1) we can sort each hidden component in H by its feature values in order to see which journals contribute most towards that component
2) we can sort each author by their uncovered component values in order to see which authors are most prominent within the discovered components

In [100]:
num_journals = 10
num_authors = 10

for ix in range(k):
    print(f'COMPONENT {ix}:\n')
    print('Top journals:')
    for journal_ind in H[ix].argsort()[::-1][:num_journals]:
        print(df.columns[journal_ind])
    print()
    print('Prominent authors:')
    for author_ind in W[:, ix].argsort()[::-1][:num_authors]:
        print(df.iloc[author_ind].name)
    print()

COMPONENT 0:

Top journals:
Center for Children's Books, Bulletin
Horn Book Magazine
Childhood Education
Catholic Library World
Kirkus Reviews
Teachers College Record
Christian Science Monitor
Grade Teacher
Language Arts
Top of the News

Prominent authors:
SELSAM, Millicent E
ASIMOV, Isaac
ROCKWELL, Anne
MELTZER, Milton
YOLEN, Jane
CORBETT, Scott
BRANLEY, Franklyn M
KEATS, Ezra Jack
PRINGLE, Laurence
SIMON, Seymour

COMPONENT 1:

Top journals:
Time
Newsweek
New York Times (Daily)
Saturday Review
National Review
Wall Street Journal
Book World
America
Best Sellers
Christian Science Monitor

Prominent authors:
UPDIKE, John
MAILER, Norman
SOLZHENITSYN, Aleksandr
BUCKLEY, William F, Jr.
NABOKOV, Vladimir
SINGER, Isaac Bashevis
SIMENON, Georges
VIDAL, Gore
ROTH, Philip
MURDOCH, Iris

COMPONENT 2:

Top journals:
Science Books and Films
Appraisal: Children's Science Books
Appraisal: Science Books for Young People
Scientific American
Curriculum Review
Instructor
Childhood Education
Natural Hist

This method reproduced many of the journal clusters that we originally uncovered in Notebook #2. We have clusters for children's literature, science fiction, mainstream publishing, poetry, science education, political science, British journals, Christian publishing, Canadian journals, and more. 

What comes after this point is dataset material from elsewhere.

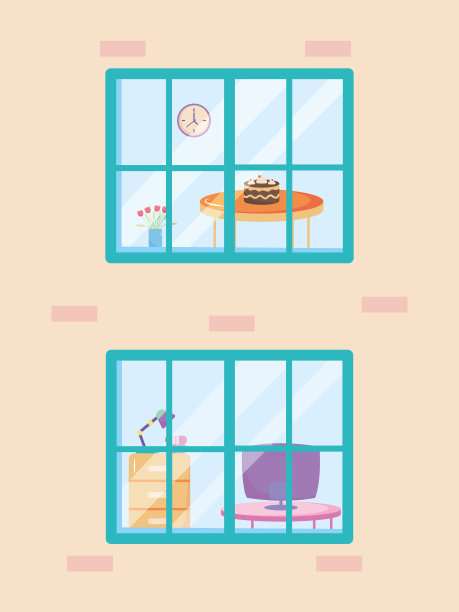 房子窗户显示一个餐厅和办公室图片下载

Let's see if this reduced-dimensionality space can give us any insight to the author-similarity comparisons we made last time.

In [101]:
W_df = pd.DataFrame(W, index=df.index)
def author_query(author: str, num_journals: int = 5, num_authors: int = 5):

    print(author)
    print('Top Journal Scores:')
    print(W_df.loc[author].sort_values(ascending=False)[:num_journals])
    print()

    author_vector = W_df.loc[author]
    similarities = W_df.drop(author).apply(lambda x: distance.cosine(x, author_vector), axis=1)

    print('Most Similar Authors:')
    print(similarities.sort_values()[:num_authors])
    print()

In [102]:
author_query('ASIMOV, Isaac')

ASIMOV, Isaac
Top Journal Scores:
5     5.662866
12    4.433196
2     4.388851
7     3.294927
0     2.178704
Name: ASIMOV, Isaac, dtype: float64

Most Similar Authors:
author_name
BOVA, Ben                 0.030258
COOPER, Henry S F, Jr.    0.076049
STINE, G Harry            0.121160
SILVERBERG, Robert        0.161357
SHOOK, Robert L           0.162051
dtype: float64



TO-DO:

1) DBSCAN clustering

2) how to locate authors at the boundary several different components?